Regularization Prescription for the Mixing Between Nonlocal Gluon and Quark Operators

The Gist

Imagine you are trying to understand the inside of a proton (a tiny particle inside an atom) by looking at its building blocks: quarks and gluons. Physicists have two main "languages" to describe how these blocks interact: Coordinate Space (thinking about them as objects at specific distances from each other) and Momentum Space (thinking about them as waves carrying energy and speed).

For a long time, scientists have been able to translate between these two languages for most interactions. However, there was a specific, stubborn translation error when trying to describe how a gluon (the glue holding things together) mixes with a quark (the matter particle) when they get extremely close to each other.

Here is a breakdown of the problem and the solution found in this paper, using simple analogies.

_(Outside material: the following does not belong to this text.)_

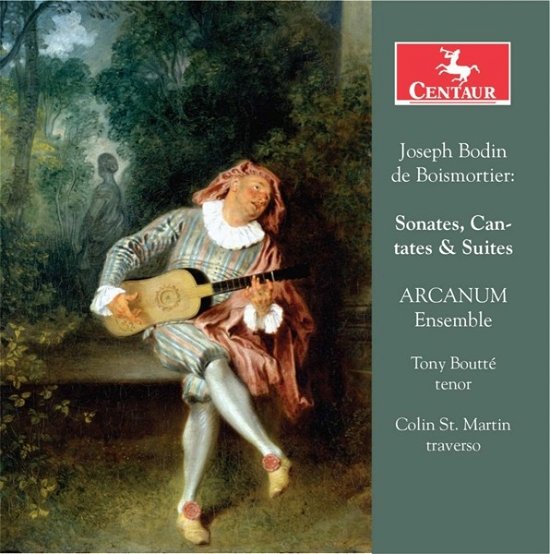 Sonates, Cantates & Suites - J.B. De Boismortier - Música - CENTAUR - 0044747354828 - 7 de septiembre de 2018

The Problem: The "Infinite" Glitch

Imagine you are trying to measure the distance between two friends holding hands.

• The Gluon is like a heavy backpack (it has a certain "weight" or mass dimension).
• The Quark is like a light shirt (it has a different "weight").

When these two get very close together, the math describing their interaction involves a term that looks like 1 divided by the distance.

• If the distance is 1 meter, the number is 1.
• If the distance is 0.1 meters, the number is 10.
• If the distance is zero (they are touching), the number becomes infinity.

In physics, getting an "infinity" usually means the math has broken down.

The Translation Error:
When scientists tried to translate the "Coordinate Space" result (where the distance is zero) into "Momentum Space" (the wave language), they hit a wall. Because the distance was zero, the math required them to make a guess about how to handle that infinity.

• Some guessed one way, others guessed another.
• This led to ambiguous results: The same physical situation gave different answers depending on which "guess" (or prescription) the scientist used. It was like trying to translate a sentence into another language, but the translator had to invent a word for a concept that didn't exist, leading to confusion.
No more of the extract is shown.